Als leiders zichzelf verrijken ten koste van de groep hangt dit vooral samen met de manier waarop zij zichzelf definiëren, maar niet zozeer met de macht die zij hebben. Dit concludeert Diana Rus in haar onderzoek The dark side of leadership, waar zij op 3 september op promoveert.
Leiders die zichzelf definiëren als echte leider, vertonen gedrag waarbij ze eerder hun eigenbelang dienen dan het belang van de groep, als hun ideeën over effectief leiderschap aansluiten bij het nastreven van persoonlijk belang. Als leiders zichzelf niet zozeer definiëren als echte leider zijn hun ideeën over effectief leiderschap veel minder bepalend voor hoe zij zich gedragen.

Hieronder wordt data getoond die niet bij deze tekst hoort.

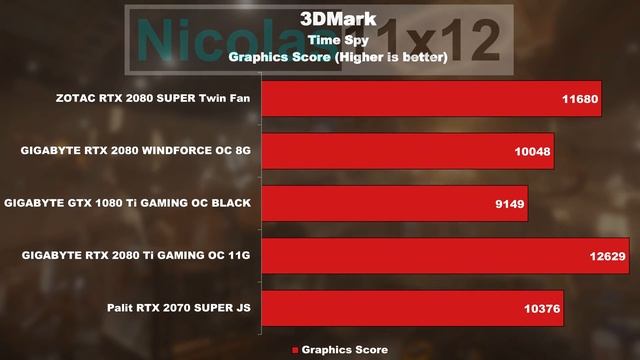 NVIDIA, what the HELL..?! -- ZOTAC RTX 2080 SUPER Twin Fan смотреть онлайн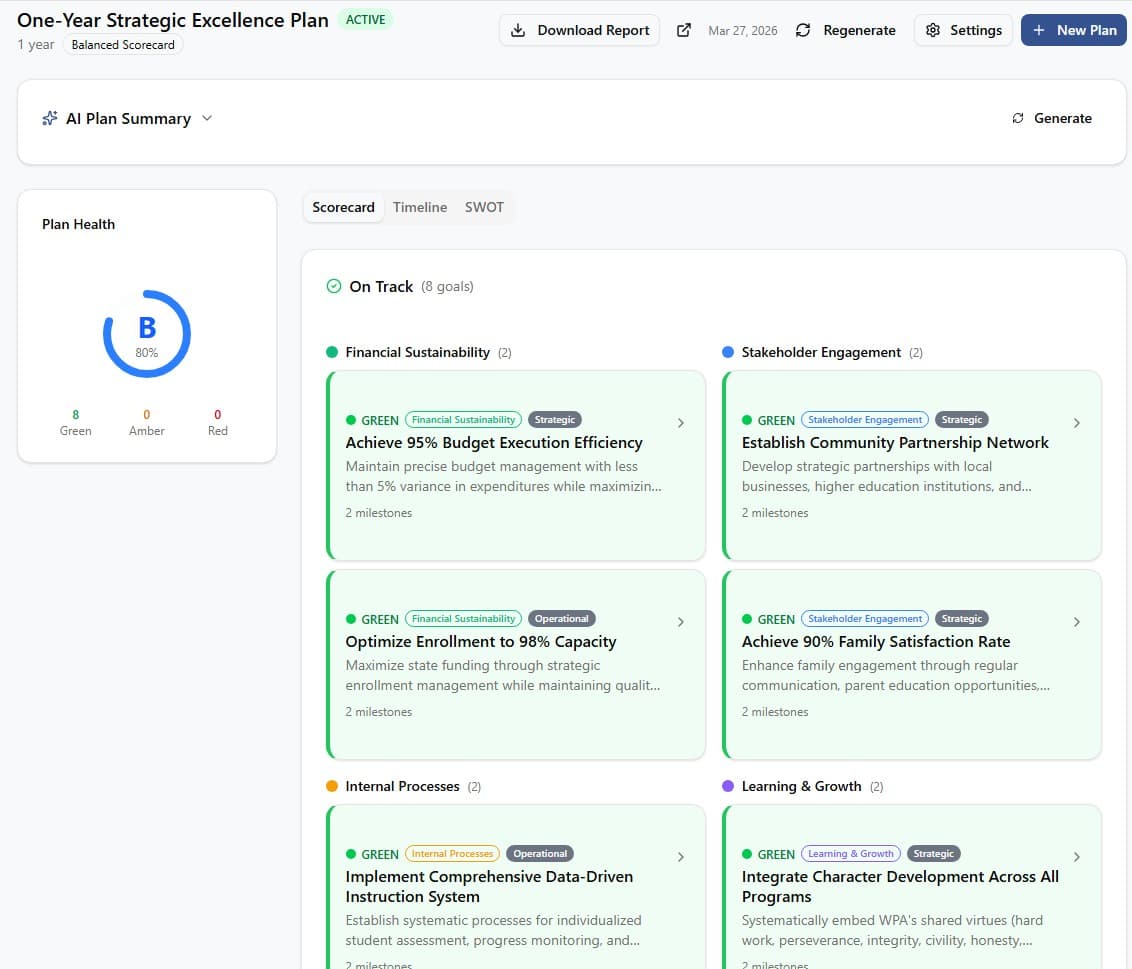 Strategic Planner screenshot 2
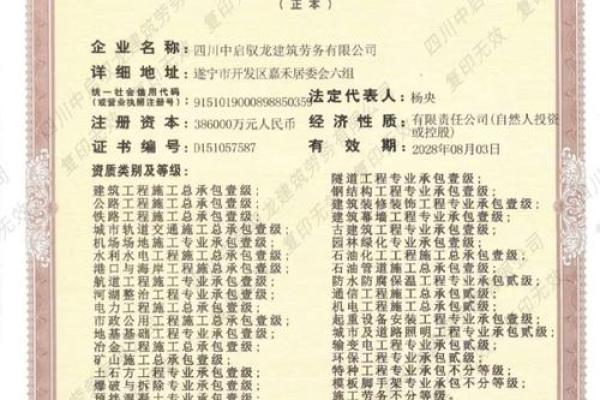 工程公司名字大全-名字大全姓名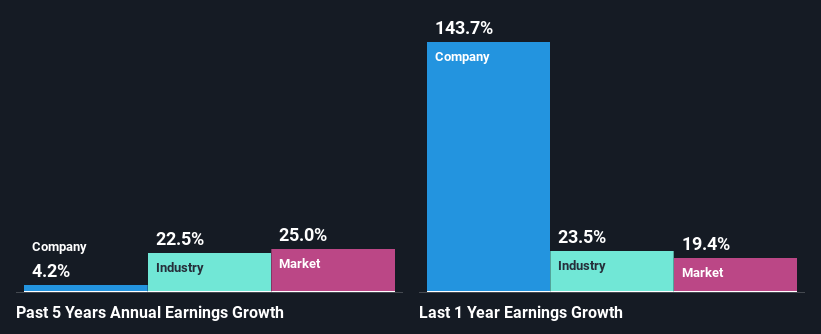 past-earnings-growth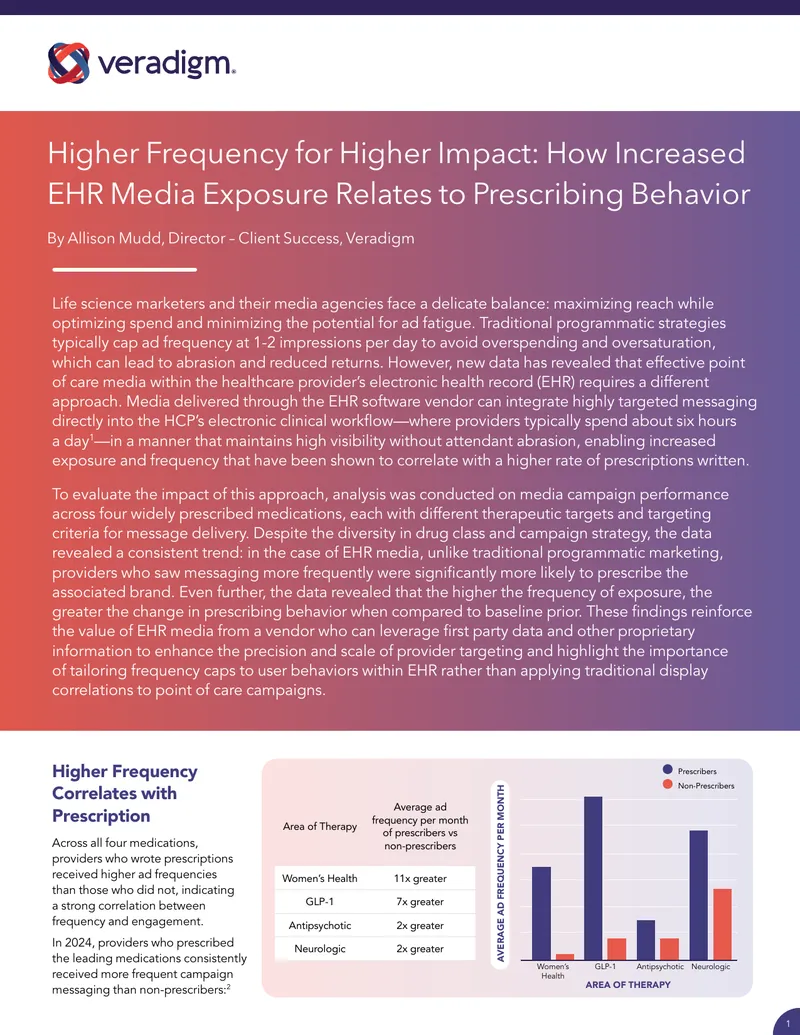 Impact of EHR Media Exposure on Prescribing Behavior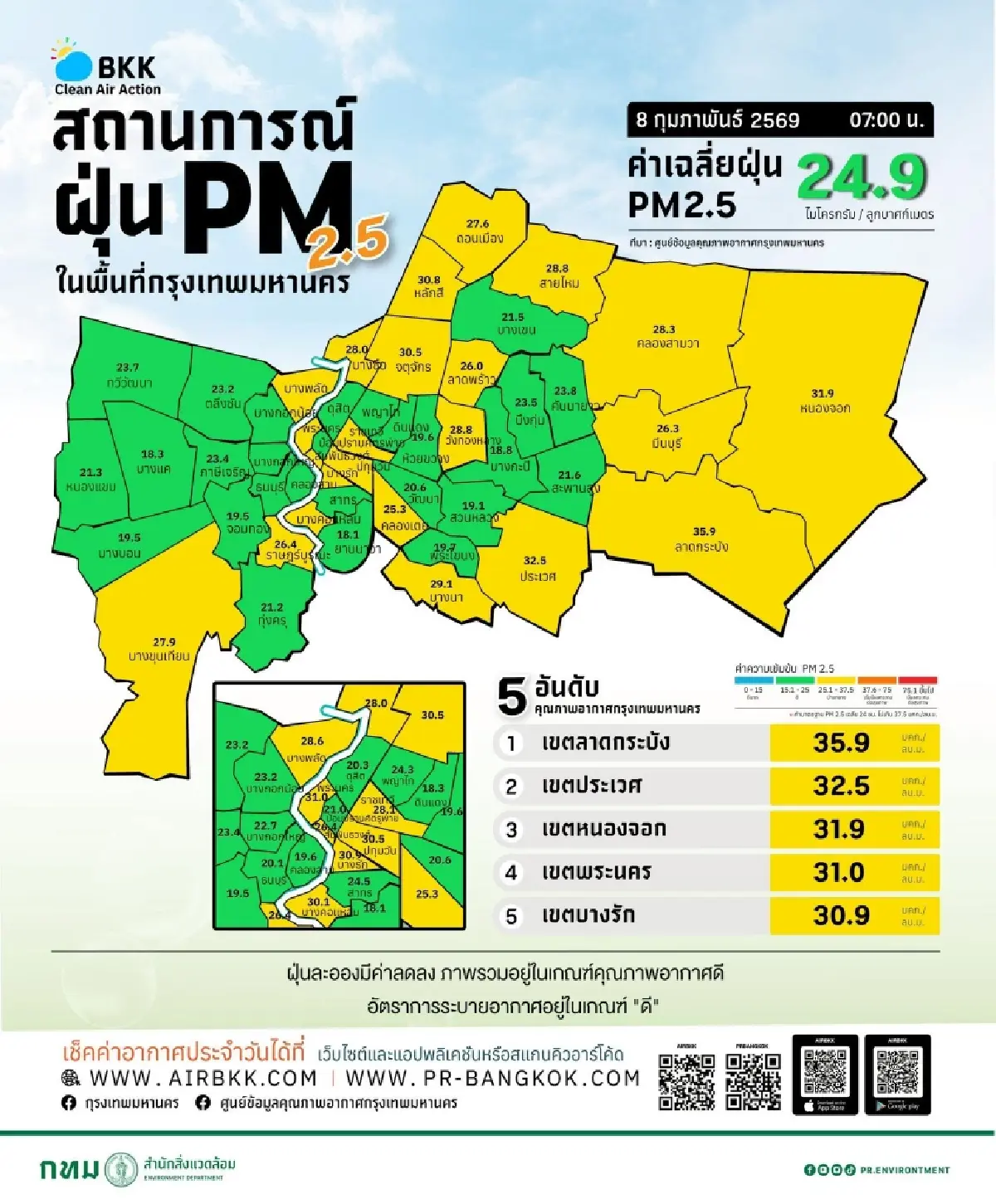 คนกรุงเทพ หายใจคล่อง 'ค่าฝุ่นวันนี้' 8 ก.พ.69 อากาศดี PM2.5 ไม่เกิน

Macht maakt niet per se corrupt
Naast deze invloed van ‘zelfdefinitie’ onderzocht Rus ook welke rol macht speelt in zelfdienende gedragingen van leiders. Het blijkt dat macht hier inderdaad een grote rol bij speelt, maar dat leiders met meer macht niet per se egocentrisch, zelfbevoordelend of corrupt hoeven te zijn. Het is maar net of zij het dienen van de groep een belangrijk element van effectief leiderschap vinden.
Rechtvaardigheid
Hoe egoïstisch een leider kan zijn, hangt ook van de situatie af. Door het uitvoeren van experimenten in verschillende situaties kon Rus aantonen dat machtige leiders zichzelf minder bevoordelen als rechtvaardigheid een belangrijke rol speelt. De leiders namen in dit soort gevallen eerder het perspectief van die anderen in. Het is voor organisaties dus van belang dat rechtvaardigheid een belangrijke rol krijgt toegekend (bijvoorbeeld door medewerkers mogelijkheid tot inspraak te verlenen) zodat zelfzuchtig gedrag van leiders kan worden verminderd.